THE DOWNSIDE OF THE JOBS REPORT
The downside of the jobs report is that the economy is still not creating enough new private sector jobs to reduce the unemployment rate significantly. The decrease in the unemployment rate experienced in December was helped by the fact that the civilian labor force declined by 260,000 persons. Had the labor force remained constant or increased (as you would like for it to do) the reduction in unemployment may not have occurred.
Most Notable Numbers from January Jobs Report
Category |
December |
November |
Total Payroll employment |
103,000 |
71,000 |
Total private employment |
113,000 |
79,000 |
Unemployment Rate |
9.4% |
9.8% |
Change in civilian labor force |
-260,000 |
-10,000 |
Change in Part-time involuntarily employment |
-29,000 |
-140,000 |
Discouraged workers |
1.31 8 mil |
1.282 mil |
Change in number of unemployed |
-556,000 |
165,000 |
White unemployment rate |
8.5% |
8.9% |
Black unemployment rate |
15.8% |
16.0% |
Hispanic/Latino unemployment rate |
13.0% |
13.2% |
Industries of Greatest Employment Gains in December
Leisure and Hospitality |
47000 |
Health Care and Social Assistance |
37100 |
Temporary Help Services |
15900 |
Retail Trade |
12000 |
Durable Goods Manufacturing |
10000 |
Industries Experiencing Greatest Employment Losses in December:
Construction |
-16000 |
Information |
-4000 |
Government |
-10000 |
IMPLICATIONS
What we have today is an economy that is beginning to grow steadily, while still not creating enough jobs to reduce unemployment significantly. Because of this, it is no longer a question of whether the appropriate amount of fiscal stimulus or quantitative easing has been applied. The real question is whether we have in place the right policies to address structural unemployment-- which is essentially a long-run problem. The persistently high unemployment that we are experiencing is not the aftermath of the financial meltdown and subsequent "Great Recession” alone. It also reflects the effects of the globalization of the world's economies and emergence of serious competitors to US global economic leadership. Even if the all the fiscal stimulus by the federal government and quantitative easing by the Federal Reserve had worked as planned, we would still have very high rates of unemployment.
The fundamental challenge is not just finding the best short-run solution, but figuring out how to restore US competitiveness in the long run. The employment problem we face today are rooted in economic dynamics that have been occurring over the last quarter-century and no amount of fiscal stimulus or quantitative easing can cure structural unemployment. These two policies can take some of the sting out of the bite of high unemployment, but sooner or later the nation must have an honest dialogue on the real problem--which is our deteriorating competitiveness.
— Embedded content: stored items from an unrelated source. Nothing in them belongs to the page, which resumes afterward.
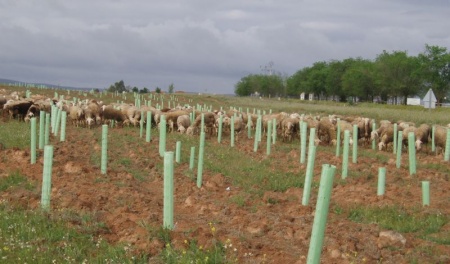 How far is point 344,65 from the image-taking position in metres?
110

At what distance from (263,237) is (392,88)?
7854 centimetres

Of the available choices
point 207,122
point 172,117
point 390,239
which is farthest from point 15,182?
point 207,122

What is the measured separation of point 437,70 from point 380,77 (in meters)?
8.74

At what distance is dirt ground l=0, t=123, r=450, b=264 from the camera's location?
7.38m

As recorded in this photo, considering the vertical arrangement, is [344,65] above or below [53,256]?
above

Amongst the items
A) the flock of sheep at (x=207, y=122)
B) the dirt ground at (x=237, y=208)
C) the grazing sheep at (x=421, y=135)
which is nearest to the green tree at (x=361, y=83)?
the flock of sheep at (x=207, y=122)

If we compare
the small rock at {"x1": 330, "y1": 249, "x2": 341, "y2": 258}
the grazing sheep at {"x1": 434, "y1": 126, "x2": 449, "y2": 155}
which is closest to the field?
the small rock at {"x1": 330, "y1": 249, "x2": 341, "y2": 258}

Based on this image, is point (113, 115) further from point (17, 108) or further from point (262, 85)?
point (262, 85)

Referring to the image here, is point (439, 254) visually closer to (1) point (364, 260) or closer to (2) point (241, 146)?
(1) point (364, 260)

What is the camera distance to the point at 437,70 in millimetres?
78250

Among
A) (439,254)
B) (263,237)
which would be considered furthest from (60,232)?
(439,254)

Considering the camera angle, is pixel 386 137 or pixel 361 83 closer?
pixel 386 137

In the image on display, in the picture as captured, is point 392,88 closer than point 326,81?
Yes

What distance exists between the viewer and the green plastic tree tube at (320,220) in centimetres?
579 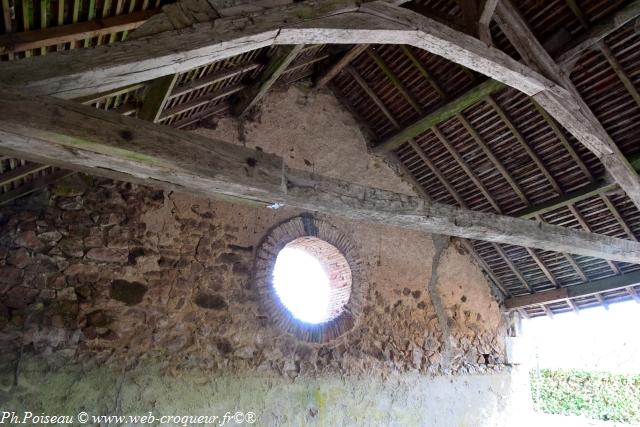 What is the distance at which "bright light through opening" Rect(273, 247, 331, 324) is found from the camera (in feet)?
16.4

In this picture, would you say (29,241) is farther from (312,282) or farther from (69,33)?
(312,282)

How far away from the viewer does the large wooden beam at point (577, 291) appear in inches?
213

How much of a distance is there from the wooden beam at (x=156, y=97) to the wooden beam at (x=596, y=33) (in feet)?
10.4

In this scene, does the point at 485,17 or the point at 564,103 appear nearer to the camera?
the point at 485,17

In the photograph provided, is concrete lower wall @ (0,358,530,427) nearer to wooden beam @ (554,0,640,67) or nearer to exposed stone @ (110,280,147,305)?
exposed stone @ (110,280,147,305)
THE MUST ADDRESS STRUCTURAL UNEMPLOYMENT
The fact that unemployment remains high as the economy grows more robustly indicates that we must begin to focus more attention on long run policies to address structural unemployment:
• Making more capital and support available to small business for start-up, innovation and growth -- they create the lion share of new jobs.
• Securing a political consensus on a deficit reduction strategy to avoid high interest rate in the future
• Putting a lid on the acrimonious political debate and gamesmanship in Congress that has created uncertainty and stalled capital investment decisions.
• Devising more novel procedures for evaluating the creditworthiness of small business owners because credit scoring alone has discouraged and deterred the most creative entrepreneurs from even pursuing loans.
• Developing additional forms of transitional support for the long-term unemployed, rather than focusing exclusively on unemployment compensation.